1.  What are the key differences between SQL and NoSQL databases

Ans:SQL is relational, uses structured schema and joins; NoSQL like MongoDB is document-based, schema-less, and more flexible.

2.  What makes MongoDB a good choice for modern applications?

Ans: It offers high scalability, flexibility, and handles unstructured data well.

3.  Explain the concept of collections in MongoDB?

Ans: Collections are groups of MongoDB documents, similar to tables in SQL.

4.  How does MongoDB ensure high availability using replication?

Ans: MongoDB uses replica sets (primary + secondary nodes) for failover and redundancy.

5.  What are the main benefits of MongoDB Atlas?

Ans: Managed cloud service, automatic backups, scalability, security, and monitoring.

6.  What is the role of indexes in MongoDB, and how do they improve performance?

Ans: Indexes speed up query performance by allowing faster data retrieval.

7.  Describe the stages of the MongoDB aggregation pipeline?

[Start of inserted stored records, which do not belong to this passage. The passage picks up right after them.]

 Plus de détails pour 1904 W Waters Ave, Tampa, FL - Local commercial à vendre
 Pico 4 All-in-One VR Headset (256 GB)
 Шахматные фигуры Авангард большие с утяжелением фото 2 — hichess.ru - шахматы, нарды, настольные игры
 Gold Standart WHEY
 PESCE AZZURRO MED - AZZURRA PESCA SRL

Ans:Typical stages: $match, $group, $sort, $project, $limit, $lookup.

8.  What is sharding in MongoDB? How does it differ from replication?

Ans:  Sharding = horizontal scaling; replication = data redundancy and high availability.

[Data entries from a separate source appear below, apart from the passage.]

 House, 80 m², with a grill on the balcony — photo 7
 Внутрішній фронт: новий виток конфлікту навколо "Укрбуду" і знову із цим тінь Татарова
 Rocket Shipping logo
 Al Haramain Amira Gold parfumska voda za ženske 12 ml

9.  What is PyMongo, and why is it used?

Ans: A Python driver to interact with MongoDB from Python applications.

10.  What are the ACID properties in the context of MongoDB transactions?

Ans: MongoDB supports ACID for transactions to ensure data reliability.

11.  What is the purpose of MongoDB’s explain() function?

Ans: Shows how MongoDB executes a query and helps with optimization.

12.  How does MongoDB handle schema validation?

Ans: MongoDB allows setting rules for document structure using JSON Schema.

13.  What is the difference between a primary and a secondary node in a replica set?

Ans: Primary handles reads/writes; secondaries replicate data and handle reads.

14.  What security mechanisms does MongoDB provide for data protection?

Ans:  Authentication, authorization, encryption (TLS/SSL, at-rest), and auditing.

15.  Explain the concept of embedded documents and when they should be used?

Ans: Store related data in the same document for better read performance.

16.  What is the purpose of MongoDB’s $lookup stage in aggregation?

Ans: Joins documents from two collections, like a SQL JOIN.

17.  What are some common use cases for MongoDB?

Ans: Real-time analytics, content management, IoT, e-commerce, mobile apps.

18.  What are the advantages of using MongoDB for horizontal scaling?

Ans: Improves performance, distributes load, handles large datasets efficiently.

19.  How do MongoDB transactions differ from SQL transactions?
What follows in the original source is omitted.